- _Requirement_: Every line from the one with "Rear Smartphone Camera" to the end of the listing below must be printed exactly, with no other text and no pictures.

- _Provided material_:
· · · ·

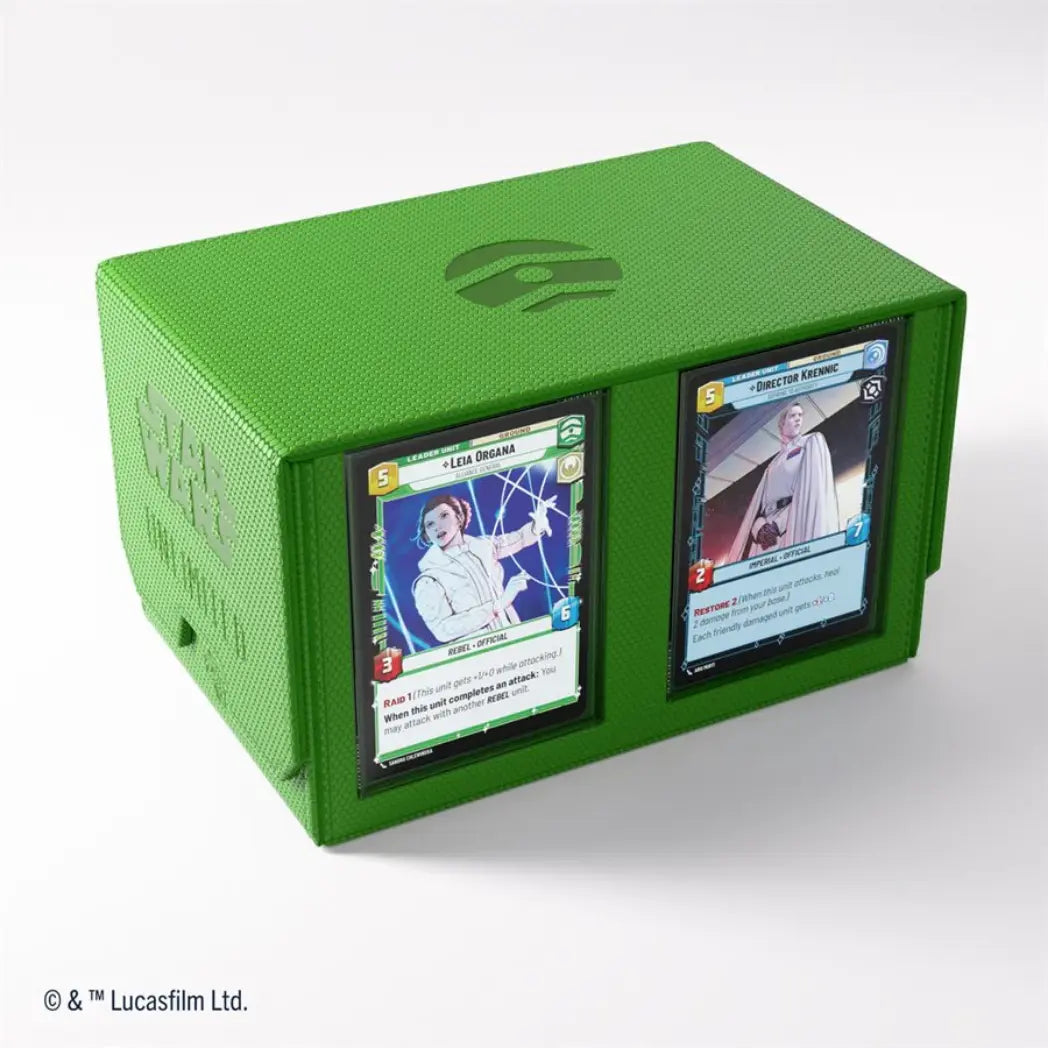 Green Twin Suns Double Deck Pod showing two side-facing card slots with a textured honeycomb finish and a debossed logo on top.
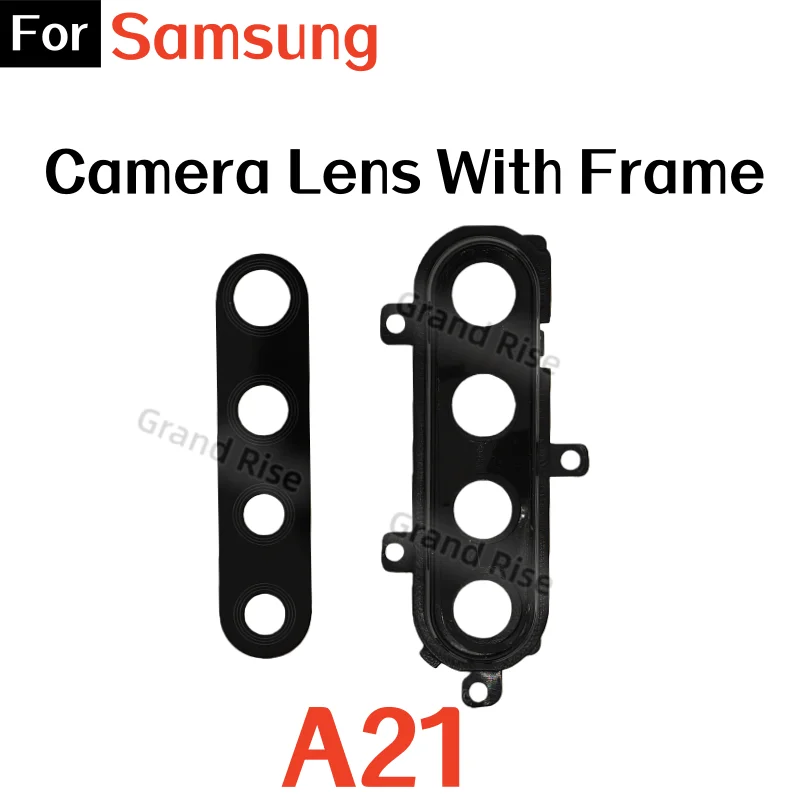Rear Smartphone Camera Glass Lens Replacement with Frame and Adhesive Sticker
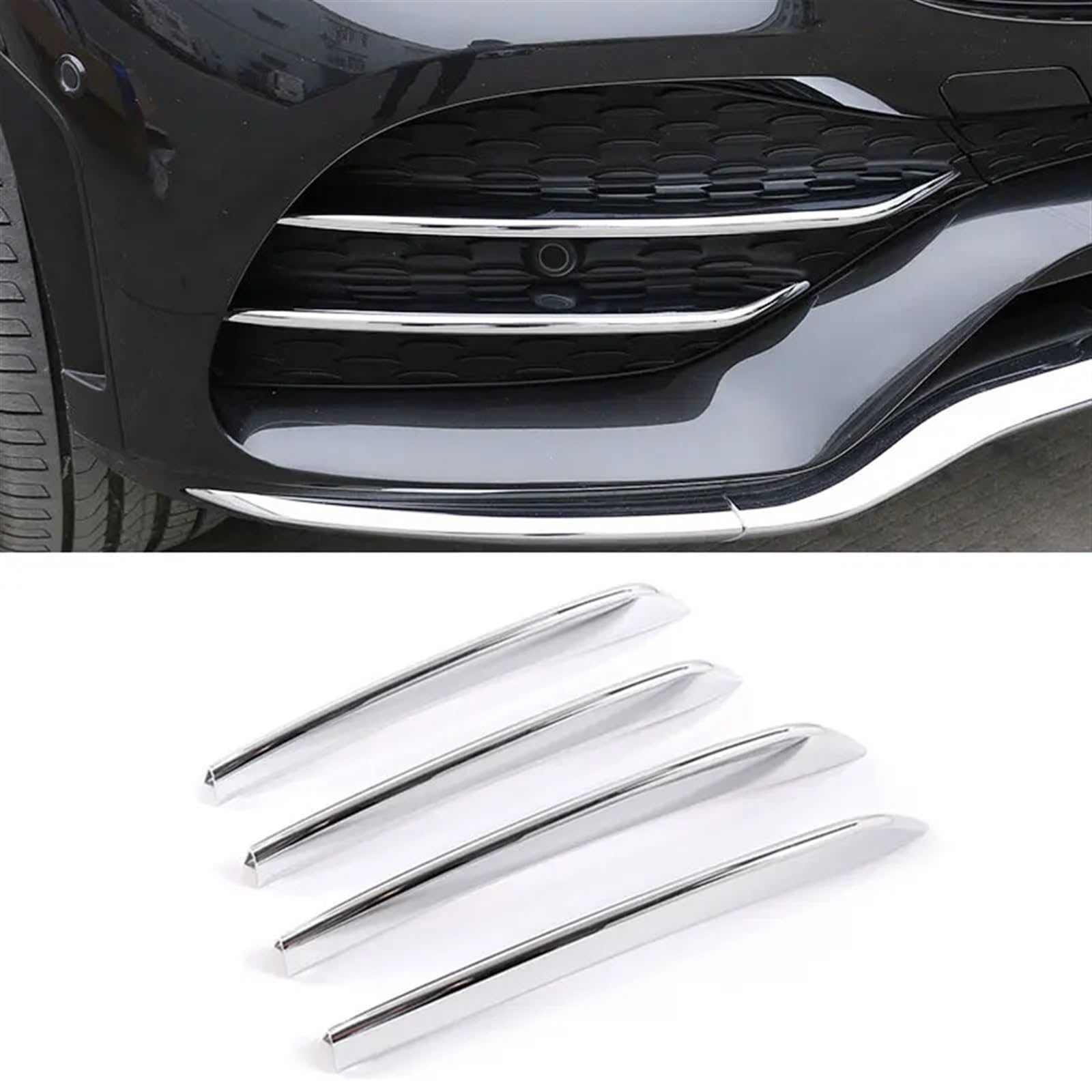 Auto-Frontgrill Für Mercedes für Benz GLC Klasse X253 2020 ABS für Chrom Auto Nebelscheinwerfer Lampenstreifen Luft für Ansauggitterabdeckung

· · · ·

- _Result of the exercise_:
Rear Smartphone Camera Glass Lens Replacement with Frame and Adhesive Sticker
 Auto-Frontgrill Für Mercedes für Benz GLC Klasse X253 2020 ABS für Chrom Auto Nebelscheinwerfer Lampenstreifen Luft für Ansauggitterabdeckung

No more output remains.